The body maintains a library of antibody "blueprints" so that the next time it is exposed to a threat, it can use the B-cell blueprint to rapidly produce large quantities of a specific antibody. This means that the population of mature B-cells is normally diverse (polyclonal) with small amounts of many different kinds of antibodies and temporary increases in specific antibodies as needed to counter an exposure. In this setting, B-cell expansions are polyclonal, with each clone containing relatively few cells and no one clone predominating.

With a B-cell lymphoma, an abnormal B-cell is formed and begins to clone itself. The identical, cloned (monoclonal) cells do not function normally, their replication is not controlled by the immune system, and they may not die as normal cells do. A cancerous monoclonal population of B-cells accumulates, begins to crowd out normal cells, and may eventually spread through the lymphatic system and blood to other lymph nodes or tissue, including bone marrow.

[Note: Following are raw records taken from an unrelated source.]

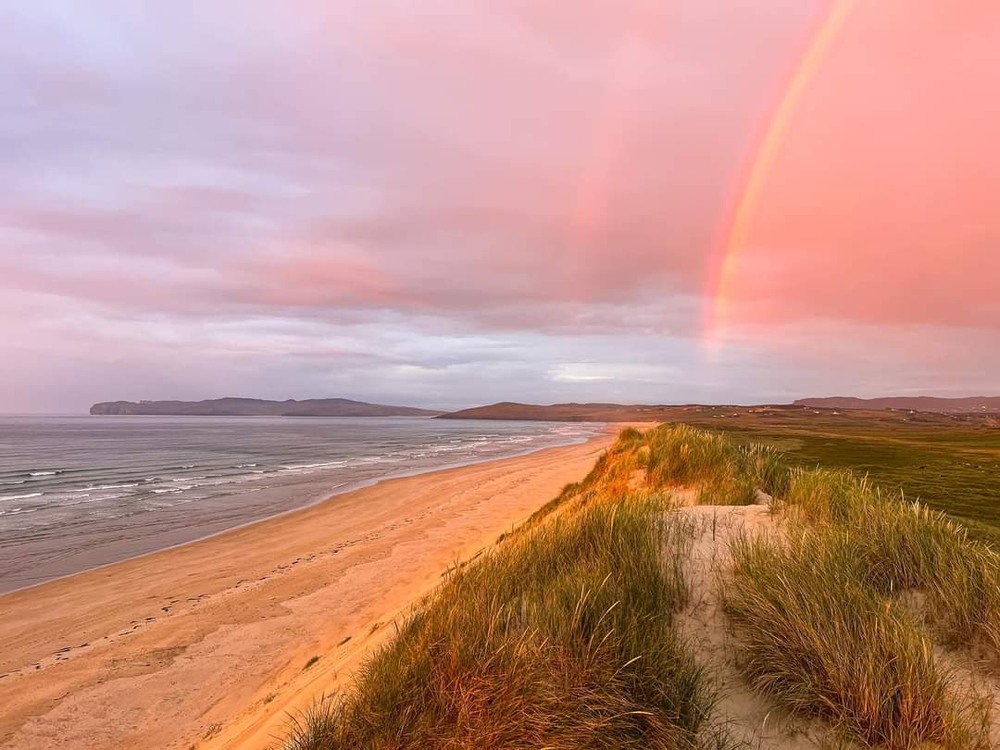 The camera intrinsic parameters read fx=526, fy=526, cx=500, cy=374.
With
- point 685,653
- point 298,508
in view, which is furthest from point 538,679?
point 298,508

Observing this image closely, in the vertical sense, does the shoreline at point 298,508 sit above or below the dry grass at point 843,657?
below

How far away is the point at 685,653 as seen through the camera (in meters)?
3.71

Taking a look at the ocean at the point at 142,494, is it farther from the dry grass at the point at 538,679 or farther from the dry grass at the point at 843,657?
the dry grass at the point at 843,657

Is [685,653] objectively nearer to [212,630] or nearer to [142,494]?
[212,630]

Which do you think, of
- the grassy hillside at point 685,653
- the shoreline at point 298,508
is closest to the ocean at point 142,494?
the shoreline at point 298,508

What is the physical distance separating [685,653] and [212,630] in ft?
30.2

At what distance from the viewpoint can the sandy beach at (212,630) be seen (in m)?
6.71

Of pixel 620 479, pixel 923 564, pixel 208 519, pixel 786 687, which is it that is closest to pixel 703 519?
pixel 923 564

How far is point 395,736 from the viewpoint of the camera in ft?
10.1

All of the monoclonal B-cells produced will have an identical immunoglobulin gene rearrangement profile. The neoplastic clones are generally large, and therefore the clonal cells are the predominant B-cells present in involved tissue (e.g., lymph node, bone marrow, blood, body fluid). Detection of a predominant immunoglobulin gene rearrangement profile often indicates the presence of a neoplastic B-cell population. This can help establish the diagnosis of a B-cell lymphoma or evaluate for residual or recurrent disease after treatment.